Geht er zwischen neun und zehn Uhr schlafen, zieht er, noch in Stiefeln und Hosen, zunächst das Nachthemd über. Er legt die Perücke ab, bindet sich ein Tuch um den Kopf und darum ein Kissen anstelle einer Nachtmütze. Das Kissen schlingt er zu zwei Zipfeln gebunden, unterm Kinn zusammen, ein dritter Zipfel bedeckt die Stirn. Er läßt die Unterhosen aufs Knie fallen und setzt sich aufs Bett. Und jetzt erst zieht ihm ein Kammerdiener Schaftstiefel und Hosen aus.

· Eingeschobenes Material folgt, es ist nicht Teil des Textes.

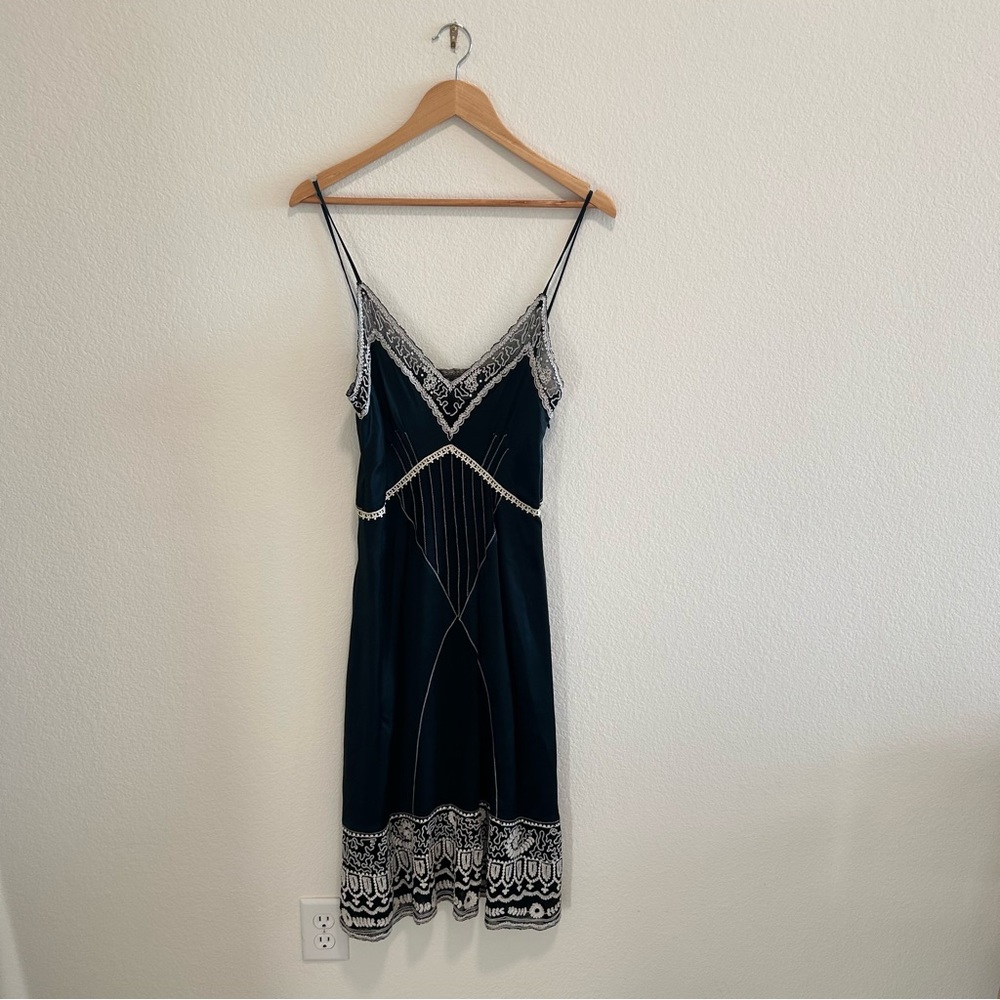 MINT Elegant Black and White Lace Trim Dress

Später, gegen Ende des Lebens, behält er die Stiefel einfach an.

Noch später, bleibt er vor Schmerzen im Stuhl.

Sein Lieblingshund schläft bei ihm.

Was man von ihm historisch überliefert hat, reicht für drei Leben. Ein Held wird nicht fett davon.

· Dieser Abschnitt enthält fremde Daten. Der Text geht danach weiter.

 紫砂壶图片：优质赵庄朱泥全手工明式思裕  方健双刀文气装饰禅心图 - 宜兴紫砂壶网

Daß das klar ist. Daß das schon mal gesagt ist. Was immer hier mal wieder erzählt sein will. Wer immer hier mal wieder den Rand nicht halten kann. Nennt ihn, wie ihr wollt. ›Ich‹: na toll. Es bleibt uns nichts erspart. Ich: Haben wir gern. Und auch das noch: Wir. Kinder. Kinder waren wir. Ganz normale blöde, kleine Ärsche; und kannten alle Sprüche des Dynasten. Alle seine Schlachten. Sogar den ›Sack bei Liegnitz‹. Die Rettung in letzter Minute. Das Wunder der Dynastie. Und die Filme dazu. Wenn ich allein an sie denke! Die Erdfontänen der Bomben und Granaten. Wie sie aufspritzten. Zugegeben, nichts gegen Bora Bora. Und auch die Soldaten starben alle noch richtig: wie heute nur noch GI’s … ›Kadetten‹ hieß einer. Die schon fast eroberte Hauptstadt verteidigten sie darin gegen den Erbfeind. Mit ihrem Offizier voran, dem invaliden Rittmeister. Beim Dynasten ist er einst auf den Tod in Ungnade gefallen. Jetzt opfert er sich. Auf dem Dachboden stöbern wir herum. Der Bruder findet die passenden hohen Gamaschen dazu. Schwarzer, kniehoher Filz. Zum Knöpfen. Daß die dünnen Beinchen endlich rundum stämmig darin aussahen, wie im Film. Wir marschierten herum damit. Verbanden uns die Köpfe mit Mullbinden und malten rote Flecken drauf. Einen alten Radmantel zogen wir unter Kartons vor. Wir warfen ihn uns um wie der Offizier, den ärmellosen Umhang, als tobten draußen Sturm und Schnee durch Brandenburg. »Ich habe Lust im weiten Feld / zu streiten mit dem Feind«, sangen wir. Die Zigarettenbilder-Alben, die Schwarten mit den alten Stichen – was sich auftreiben ließ: nichts entging uns.